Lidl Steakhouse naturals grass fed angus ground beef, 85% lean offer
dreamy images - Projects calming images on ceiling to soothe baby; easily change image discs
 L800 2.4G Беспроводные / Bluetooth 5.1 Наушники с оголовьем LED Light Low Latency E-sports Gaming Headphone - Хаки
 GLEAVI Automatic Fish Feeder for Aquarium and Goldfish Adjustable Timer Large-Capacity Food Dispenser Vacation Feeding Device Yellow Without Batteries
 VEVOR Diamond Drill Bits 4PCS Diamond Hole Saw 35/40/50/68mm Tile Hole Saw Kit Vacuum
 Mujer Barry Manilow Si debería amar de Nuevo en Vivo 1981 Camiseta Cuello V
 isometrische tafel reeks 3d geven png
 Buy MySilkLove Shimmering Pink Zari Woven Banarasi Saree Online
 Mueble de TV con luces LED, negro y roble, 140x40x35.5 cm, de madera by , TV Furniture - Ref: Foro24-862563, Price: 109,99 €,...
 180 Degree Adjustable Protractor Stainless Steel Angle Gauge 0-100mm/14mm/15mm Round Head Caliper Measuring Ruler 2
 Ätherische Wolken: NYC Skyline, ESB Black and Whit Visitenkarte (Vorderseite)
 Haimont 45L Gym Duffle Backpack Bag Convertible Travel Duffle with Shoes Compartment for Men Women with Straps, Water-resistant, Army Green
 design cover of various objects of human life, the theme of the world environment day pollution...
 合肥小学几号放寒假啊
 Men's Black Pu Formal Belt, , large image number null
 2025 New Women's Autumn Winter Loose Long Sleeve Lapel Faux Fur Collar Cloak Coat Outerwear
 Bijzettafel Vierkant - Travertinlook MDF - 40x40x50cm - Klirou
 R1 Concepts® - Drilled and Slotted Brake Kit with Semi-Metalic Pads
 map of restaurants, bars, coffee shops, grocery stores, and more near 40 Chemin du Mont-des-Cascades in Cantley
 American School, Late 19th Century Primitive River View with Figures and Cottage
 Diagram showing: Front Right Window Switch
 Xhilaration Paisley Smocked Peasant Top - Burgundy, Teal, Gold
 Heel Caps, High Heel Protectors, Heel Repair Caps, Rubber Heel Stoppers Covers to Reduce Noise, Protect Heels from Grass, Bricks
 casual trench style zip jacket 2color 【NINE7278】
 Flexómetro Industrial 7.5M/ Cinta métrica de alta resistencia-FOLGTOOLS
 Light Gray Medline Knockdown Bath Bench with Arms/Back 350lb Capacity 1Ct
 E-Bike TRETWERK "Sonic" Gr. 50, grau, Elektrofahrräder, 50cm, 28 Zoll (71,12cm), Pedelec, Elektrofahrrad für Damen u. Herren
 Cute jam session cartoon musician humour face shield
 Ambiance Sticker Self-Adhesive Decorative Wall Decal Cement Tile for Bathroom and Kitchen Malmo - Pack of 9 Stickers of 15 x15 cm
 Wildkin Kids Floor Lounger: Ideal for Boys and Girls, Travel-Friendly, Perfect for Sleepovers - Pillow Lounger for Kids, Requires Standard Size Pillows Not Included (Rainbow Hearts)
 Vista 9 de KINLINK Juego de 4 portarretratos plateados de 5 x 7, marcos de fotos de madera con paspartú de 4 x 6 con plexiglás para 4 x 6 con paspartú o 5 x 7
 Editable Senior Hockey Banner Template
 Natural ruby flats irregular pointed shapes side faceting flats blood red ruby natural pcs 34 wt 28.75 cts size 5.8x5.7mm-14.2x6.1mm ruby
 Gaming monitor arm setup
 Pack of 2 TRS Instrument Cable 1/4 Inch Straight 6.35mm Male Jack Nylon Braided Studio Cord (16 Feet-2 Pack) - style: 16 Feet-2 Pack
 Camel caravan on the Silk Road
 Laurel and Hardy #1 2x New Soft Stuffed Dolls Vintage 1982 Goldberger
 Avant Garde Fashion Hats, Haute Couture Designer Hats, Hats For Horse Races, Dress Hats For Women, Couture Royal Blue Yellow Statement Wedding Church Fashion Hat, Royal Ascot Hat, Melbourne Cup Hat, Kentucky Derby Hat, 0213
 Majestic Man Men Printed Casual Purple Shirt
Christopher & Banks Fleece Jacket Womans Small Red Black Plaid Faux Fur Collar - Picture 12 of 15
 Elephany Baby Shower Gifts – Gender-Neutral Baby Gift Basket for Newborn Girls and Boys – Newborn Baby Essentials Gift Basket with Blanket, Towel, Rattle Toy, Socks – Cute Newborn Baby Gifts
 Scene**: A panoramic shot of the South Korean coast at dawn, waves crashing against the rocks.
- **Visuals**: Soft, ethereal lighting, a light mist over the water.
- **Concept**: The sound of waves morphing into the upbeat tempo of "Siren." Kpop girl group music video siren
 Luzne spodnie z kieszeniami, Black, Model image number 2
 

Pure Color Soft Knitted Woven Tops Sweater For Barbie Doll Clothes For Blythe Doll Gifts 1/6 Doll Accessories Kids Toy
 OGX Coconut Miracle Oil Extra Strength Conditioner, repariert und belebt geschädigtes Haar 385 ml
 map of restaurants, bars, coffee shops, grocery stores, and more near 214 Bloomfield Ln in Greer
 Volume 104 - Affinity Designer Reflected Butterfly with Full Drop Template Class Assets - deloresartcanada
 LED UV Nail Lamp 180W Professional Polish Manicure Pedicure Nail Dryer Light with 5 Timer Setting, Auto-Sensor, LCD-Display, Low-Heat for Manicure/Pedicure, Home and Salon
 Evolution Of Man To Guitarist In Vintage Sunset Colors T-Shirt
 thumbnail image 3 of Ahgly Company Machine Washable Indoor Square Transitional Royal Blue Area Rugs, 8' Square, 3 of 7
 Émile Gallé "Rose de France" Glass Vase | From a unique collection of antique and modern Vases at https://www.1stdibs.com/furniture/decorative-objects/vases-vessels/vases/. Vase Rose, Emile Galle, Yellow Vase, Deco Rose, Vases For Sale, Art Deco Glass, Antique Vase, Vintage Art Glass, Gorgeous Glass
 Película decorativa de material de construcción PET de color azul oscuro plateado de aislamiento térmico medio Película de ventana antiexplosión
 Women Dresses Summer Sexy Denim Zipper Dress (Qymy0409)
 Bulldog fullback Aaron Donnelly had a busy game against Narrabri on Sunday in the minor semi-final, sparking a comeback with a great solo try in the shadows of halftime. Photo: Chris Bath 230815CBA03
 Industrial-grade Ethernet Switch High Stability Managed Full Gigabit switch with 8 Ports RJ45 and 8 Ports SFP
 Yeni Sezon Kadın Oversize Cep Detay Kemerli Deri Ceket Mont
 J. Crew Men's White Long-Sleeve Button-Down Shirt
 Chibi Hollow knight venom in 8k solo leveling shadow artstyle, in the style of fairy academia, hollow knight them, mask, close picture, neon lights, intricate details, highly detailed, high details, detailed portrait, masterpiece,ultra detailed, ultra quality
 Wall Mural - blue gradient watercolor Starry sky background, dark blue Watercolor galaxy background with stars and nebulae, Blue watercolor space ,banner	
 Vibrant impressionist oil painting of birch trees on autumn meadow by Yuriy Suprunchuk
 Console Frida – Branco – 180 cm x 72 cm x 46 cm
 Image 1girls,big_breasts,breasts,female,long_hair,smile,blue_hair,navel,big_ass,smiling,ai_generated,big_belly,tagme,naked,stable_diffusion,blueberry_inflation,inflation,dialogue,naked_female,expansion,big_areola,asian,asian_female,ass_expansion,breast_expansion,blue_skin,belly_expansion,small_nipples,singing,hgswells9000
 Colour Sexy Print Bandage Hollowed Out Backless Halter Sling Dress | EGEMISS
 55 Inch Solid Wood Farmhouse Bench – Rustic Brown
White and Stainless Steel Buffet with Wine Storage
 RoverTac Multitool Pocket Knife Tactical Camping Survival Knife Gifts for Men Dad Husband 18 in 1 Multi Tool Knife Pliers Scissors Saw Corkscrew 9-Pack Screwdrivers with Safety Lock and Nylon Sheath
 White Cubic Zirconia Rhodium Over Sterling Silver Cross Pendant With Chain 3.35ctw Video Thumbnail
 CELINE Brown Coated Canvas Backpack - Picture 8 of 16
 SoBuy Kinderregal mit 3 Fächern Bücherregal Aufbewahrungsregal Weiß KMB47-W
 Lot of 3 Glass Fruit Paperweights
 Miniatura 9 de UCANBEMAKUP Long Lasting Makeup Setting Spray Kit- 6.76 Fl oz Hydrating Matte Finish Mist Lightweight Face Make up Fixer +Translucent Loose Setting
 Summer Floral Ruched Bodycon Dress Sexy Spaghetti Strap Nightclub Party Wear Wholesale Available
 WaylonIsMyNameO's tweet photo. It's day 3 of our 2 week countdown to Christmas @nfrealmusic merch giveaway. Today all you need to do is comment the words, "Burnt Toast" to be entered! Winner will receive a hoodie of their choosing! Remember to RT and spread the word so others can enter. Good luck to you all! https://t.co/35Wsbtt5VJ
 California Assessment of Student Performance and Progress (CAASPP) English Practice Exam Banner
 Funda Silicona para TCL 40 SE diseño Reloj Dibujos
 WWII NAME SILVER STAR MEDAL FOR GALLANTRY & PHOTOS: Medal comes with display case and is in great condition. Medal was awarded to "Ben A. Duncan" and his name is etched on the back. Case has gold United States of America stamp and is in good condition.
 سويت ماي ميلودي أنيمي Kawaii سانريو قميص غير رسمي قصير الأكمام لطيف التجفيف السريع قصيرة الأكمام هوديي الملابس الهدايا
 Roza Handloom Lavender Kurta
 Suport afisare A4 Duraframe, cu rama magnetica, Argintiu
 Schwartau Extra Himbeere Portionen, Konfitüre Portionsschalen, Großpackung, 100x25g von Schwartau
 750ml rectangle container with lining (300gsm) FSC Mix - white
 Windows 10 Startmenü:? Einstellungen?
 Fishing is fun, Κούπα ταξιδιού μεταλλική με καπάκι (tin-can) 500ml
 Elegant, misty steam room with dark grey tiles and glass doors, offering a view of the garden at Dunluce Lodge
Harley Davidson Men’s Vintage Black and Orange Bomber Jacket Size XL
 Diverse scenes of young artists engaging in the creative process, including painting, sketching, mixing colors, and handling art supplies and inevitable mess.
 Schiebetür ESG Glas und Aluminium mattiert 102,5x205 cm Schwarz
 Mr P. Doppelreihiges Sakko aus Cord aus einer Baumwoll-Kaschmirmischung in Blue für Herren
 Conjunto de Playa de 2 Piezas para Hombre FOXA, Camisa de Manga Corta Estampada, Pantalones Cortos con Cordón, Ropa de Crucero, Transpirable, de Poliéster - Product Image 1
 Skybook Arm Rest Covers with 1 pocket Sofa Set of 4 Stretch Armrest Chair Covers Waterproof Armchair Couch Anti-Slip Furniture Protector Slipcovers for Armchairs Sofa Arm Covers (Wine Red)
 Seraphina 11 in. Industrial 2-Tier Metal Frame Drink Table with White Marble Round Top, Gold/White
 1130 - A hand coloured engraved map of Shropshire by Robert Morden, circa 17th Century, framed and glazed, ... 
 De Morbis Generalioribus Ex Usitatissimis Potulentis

_____

WHAT THE TASK REQUIRES - Emit verbatim the lines running from the one with "Skybook Arm Rest" through the last line of the data, both endpoints inclusive.

SOLUTION TO THE EXERCISE -
 Skybook Arm Rest Covers with 1 pocket Sofa Set of 4 Stretch Armrest Chair Covers Waterproof Armchair Couch Anti-Slip Furniture Protector Slipcovers for Armchairs Sofa Arm Covers (Wine Red)
 Seraphina 11 in. Industrial 2-Tier Metal Frame Drink Table with White Marble Round Top, Gold/White
 1130 - A hand coloured engraved map of Shropshire by Robert Morden, circa 17th Century, framed and glazed, ... 
 De Morbis Generalioribus Ex Usitatissimis Potulentis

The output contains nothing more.